Lesson 16: The Heisenberg Uncertainty Principle

The Heisenberg Uncertainty Principle

Heisenberg’s Uncertainty Principle shows we do not live in a deterministic universe.  There are going to be things that we can never know for sure.  This is because, as we have discussed, the subatomic world comes in discreet units.  It is quantized. There is a minimum size we can use when trying to figure out how the world works.  We become part of the world.  We can’t observe something without affecting it.

This led German physicist Werner Heisenberg to develop The Uncertainty Principle in 1927.  Heisenberg’s Principle says that at the microscopic level, position and velocity cannot both be measured exactly at the same time.  

This seems very weird to us. Consider a car. Obviously, we can tell where a car is and how fast it is going and where it is going. With subatomic particles such as electrons, that is not possible.  There is a trade-off.   The more you know about the position of the electron, the less you know about its momentum, and the more you know about its momentum, the less you know about its position.

To understand this better, let’s do a quick review on waves.

The red wave has a long wavelength and, therefore, low frequency and low energy.

This blue wave has a shorter wavelength than the red, and therefore it has a higher frequency and more energy.

We also know that just about everything we see in the world can be a particle and wave.

Particles are like BBs or billiard balls.  Waves have no physical substance.  Waves can move through walls.

We have already learned when you look at something.
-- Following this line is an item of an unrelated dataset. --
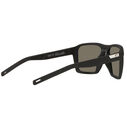 Antille 580G Polarized Sunglasses image number 8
Your eye is taking in light waves of the object.

To see something, we need to have light.

Now let’s say we want to find an electron.  We have to hit it with a photon of light to determine where it is at.  But the problem is a photon is a particle and a wave, so we don’t really know where the photon is either.  So we don’t know where the electron is, and to find it, we need to use a photon, but we don’t really know where the photon is at either.

The best we can do is send out a wave of light, known as a wave packet, to try and detect the electron. 
 


Look at the wave packet above.  It is a narrow wave and therefore has a shorter wavelength and high frequency and energy.

Now, look at the second wave packet above.  The wave is broader than the first therefore, it has a longer wavelength and lower frequency and energy. 

So we send out the wave packet in the direction we think the electron is.  We can say we are shooting a photon at the electron to try and determine where the electron is but the only thing we can say about the photon is that it is somewhere in the wave packet.  Look at both wave packets. It is easy to see the first has a smaller area than the second.  So if we detect an electron using the first wave packet, we are going to better know its location than if we detect it within the second wave packet, which has a bigger area. 

Think of it like you are trying to capture an invisible animal with a net.  If you catch it in a smaller net, you are going to know its location a lot better than if you catch it in a bigger net.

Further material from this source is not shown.